Nighthawk: architecture and key concepts

High level interaction model

Process creates one or more Workers. Worker will run Sequencer, which in turn queries RateLimiter for request-release timings. When it is time to release a request, BenchmarkClient will be requested to do so by Sequencer. BenchMarkClient will then ask its underlying Pool to create a StreamDecoder for releasing the actual request. StreamDecoder will query the request data it needs to send from the configured RequestSource, and send it off. StreamDecoder will emit events as it progresses (pool ready, completion, etc), and timings will subsequently be recorded into Statistic as well as get bubbled up to Sequencer for tracking in-flight work and Statistic bookkeeping.

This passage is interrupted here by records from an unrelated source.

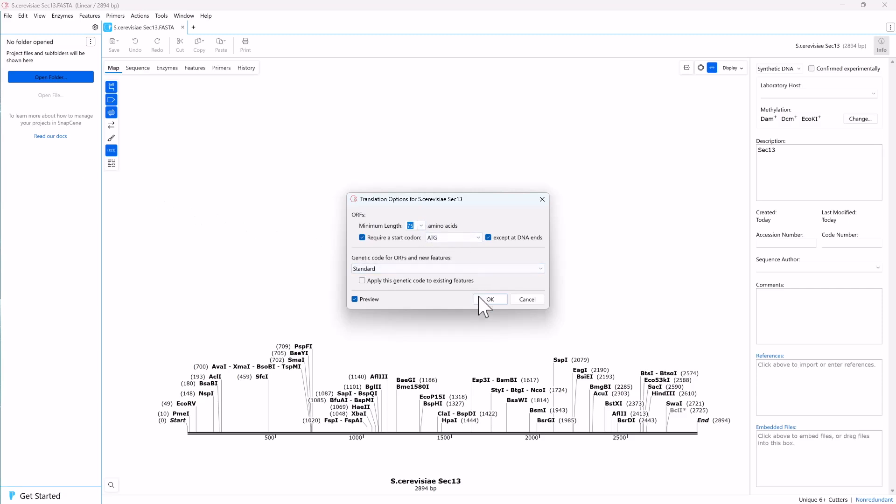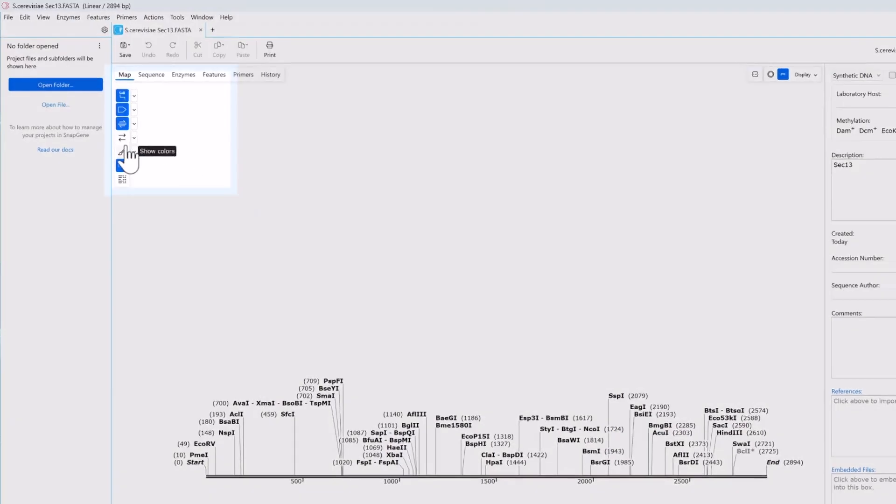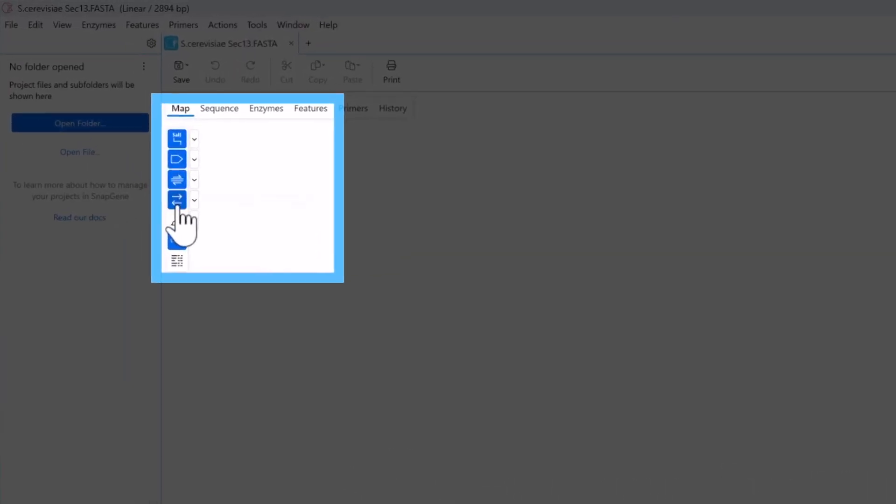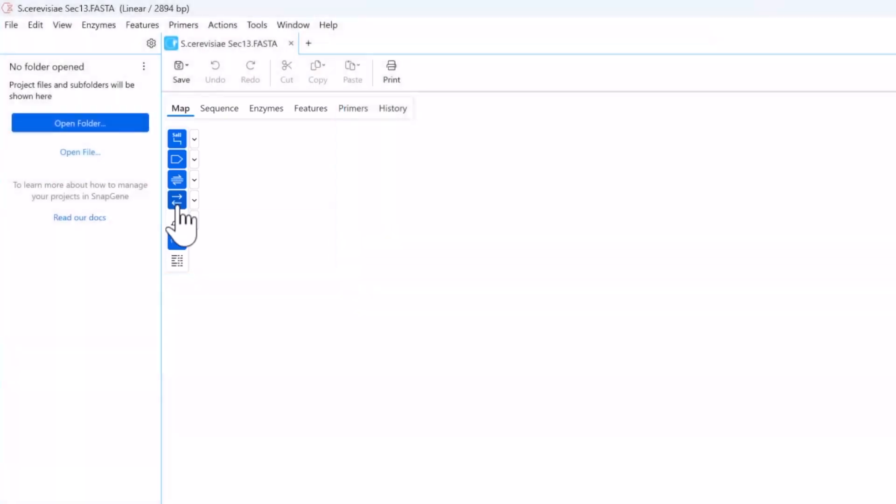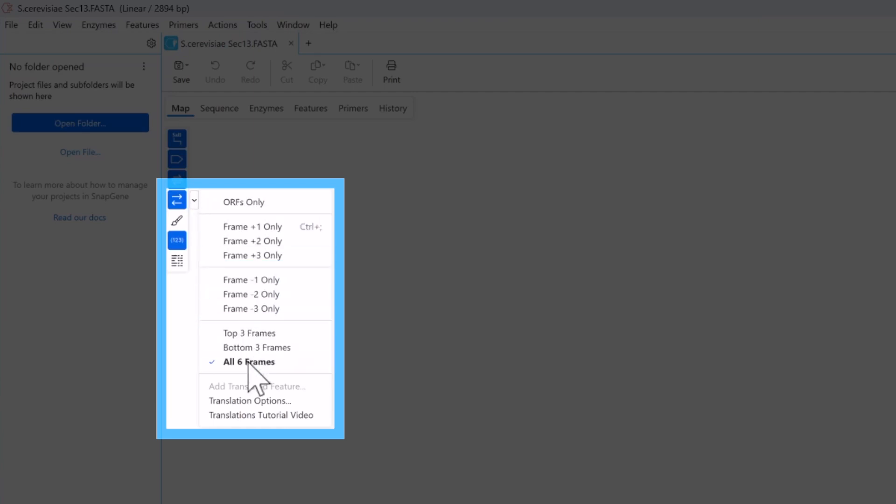To locate sec13 within the sequence, toggle the Show Translations button in the sidebar, then click the associated drop-down button and confirm that ORFs Only is checked. Select all six frames to ensure SnapGene detects and shows them on all reading frames.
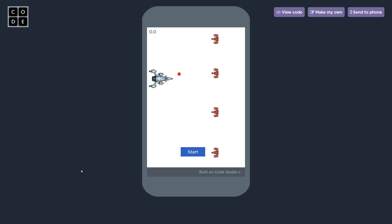Hello. In this tutorial, we're going to learn how to use Code.org's App Lab to create a space shooter style game.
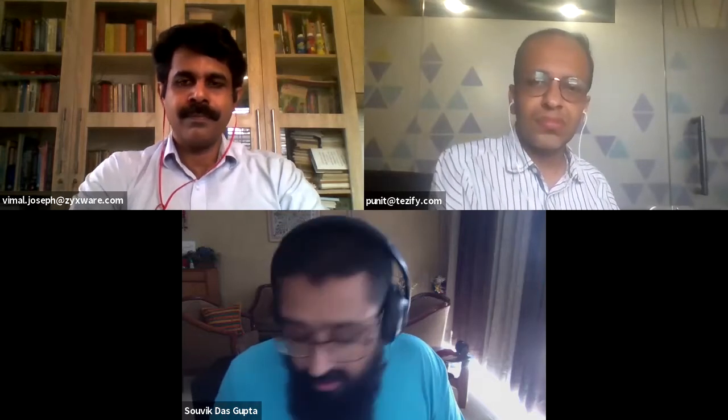So today I have two guests, which is a little atypical for Content Web and which is great. I'd like both of them to introduce themselves. So first, there's Puneet and Vimal. Puneet, could you just introduce yourself briefly?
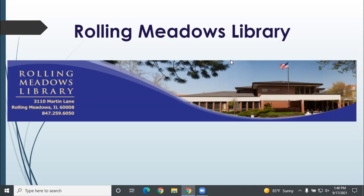Hi. Welcome to Rolling Meadows Library video tutorials. In this short video, I will show you one of my favorite online learning tools, LinkedIn Learning.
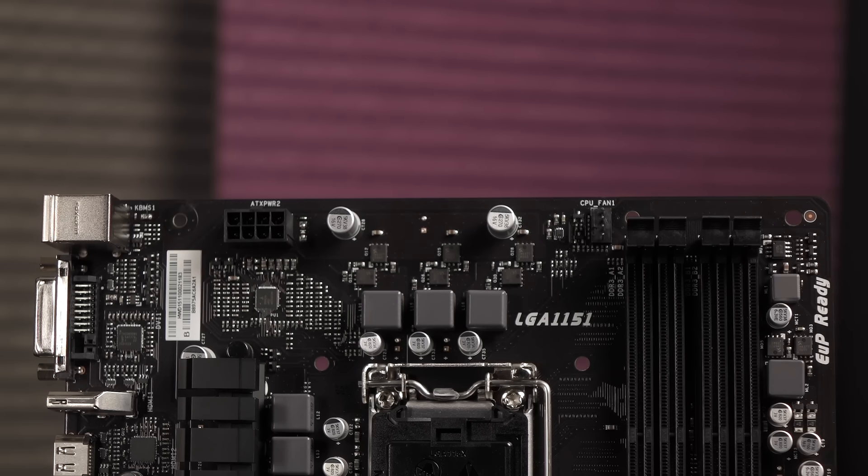To the right of these X1 slots is the CMOS battery. You will find the clear CMOS jumper beneath the bottom X16 slot.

Sequencer will query the configured TerminationPredicates to terminate when and how to terminate execution. When all Workers have finished, Process will collect the results from all Workers via OutputCollector, and run OutputFormatter to transform to the requested output format.

Notable upcoming changes

Calling out two new concepts that may get proposed in the future, and cause some churn in the code base as we inject them.


One notable addition / change that may get proposed in the near future is the introduction of Phase. Phase would represent a distinct stage of an execution, for example a warm-up. It would then be useful to have per-phase reporting of latencies as well as counters and latencies.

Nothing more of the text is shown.